The raw data stream consists of 72 byte records that arrive 100 times per second over a 115200 baud serial cable with hardware handshaking. Each eight bit character is surrounded by two framing bits, so the link is running at $ 62\% $ of its theoretical capacity with $3.7\,ms$ of unused time in every $10\,ms$ interval. Most serial port hardware implementations have a $16\, byte$ fifo, so five interrupts are needed to transfer one data record from the wire into memory (unless a nonstandard polling architecture is used).

About $1.4\,ms$ after the interrupt is raised, if the operating system has still not serviced the interrupt, the fifo becomes full and data delivery from the wire is paused by the hardware handshake. We are now consuming that $3.7\,ms$ buffer of unused time, which is shared among five interrupt events. Thus, the operating system must achieve an average interrupt response time of $2.1\,ms$, and even one response time in excess of $10\,ms$ will always cause data loss.

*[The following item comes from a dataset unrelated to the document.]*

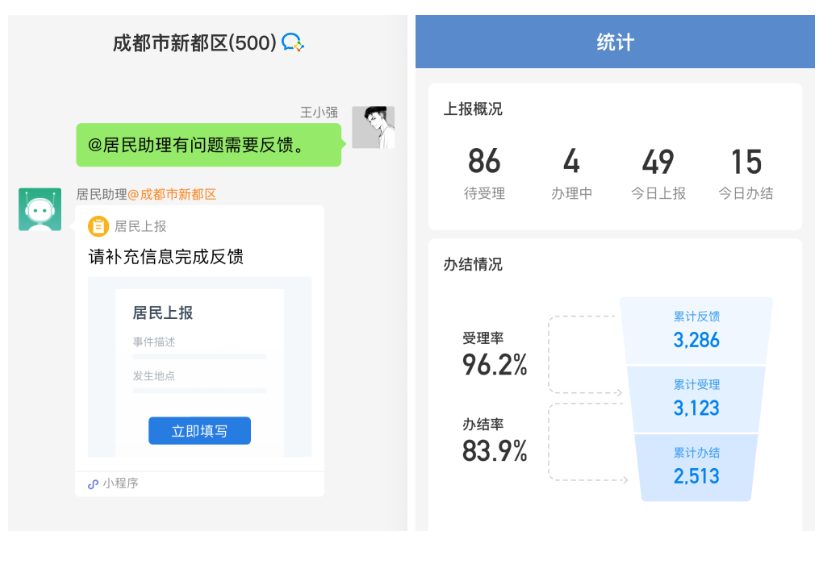 企業(yè)微信 企業(yè)微信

Our reference test used a simple Visual Basic program that grabbed data from the serial port as fast as possible, inspected it to determine whether any loss had occurred, then immediately discarded it. No user (or GUI message) communication occurred while the test was in progress. Data loss was observed to occur on average once every couple of minutes with the network cable plugged in, reducing to every ten minutes or so with no network and every normal user configurable item optimized. Touching the mouse or keyboard caused data loss events every ten seconds or so.

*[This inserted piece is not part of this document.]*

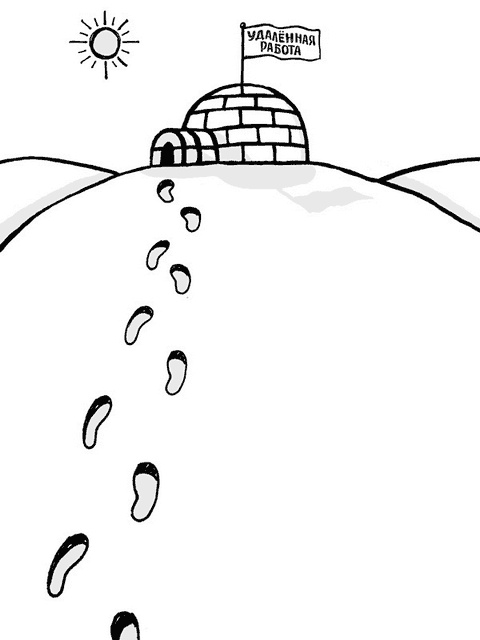 Иллюстрация к книге — Remote: офис не обязателен [_38.jpg]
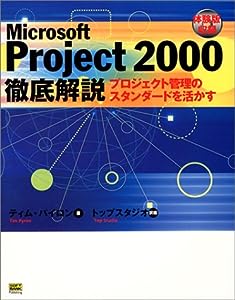 Microsoft Project2000徹底解説―プロジェクト管理のスタンダードを活かす(中古品)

We modified the data stream so that it was simply delivering timestamps to the host computer with no other information content. The test program was extended to gather statistics. We found that there were gaps due to missing data in excess of ten seconds duration several times per day. Although we experimented with the advanced configuration choices and considered non-standard hardware installation, these were not viable long term solutions due to the cost and complexity impact on the end user.

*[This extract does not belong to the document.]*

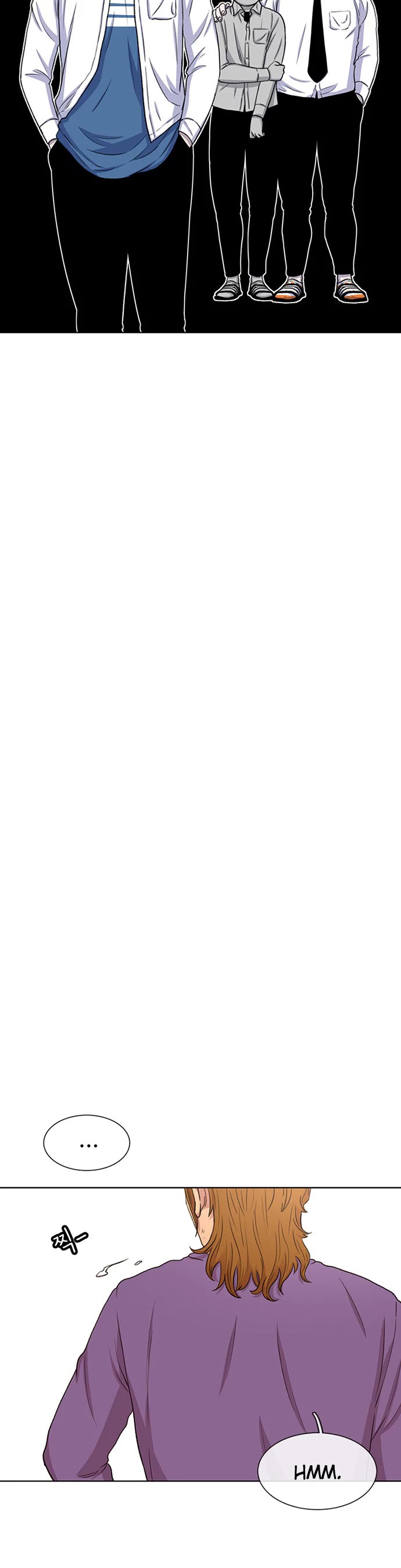 Star Ginseng Store chapter 47 page 30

On occasion, we still need to run the original Visual Basic software that predates the Linux port. This is now reliably achieved by having it connect to a serial port emulation provided by the Dialout/IP client from Tactical Software. Under the emulation is a raw TCP/IP connection that goes to a Linux computer, which actually operates the serial port and has a fifo implemented in software that can hold several minutes of data.

An old 80386 class computer (running Debian 2.1) was found to be comfortably sufficient to provide reliable serial I/O and client network communications. On this machine, we benefitted from the irqtune utility in the hwtools package, which can place the serial port interrupt at the highest priority. When this was done, we could run other software from the 80386 console terminal without impacting serial port operations.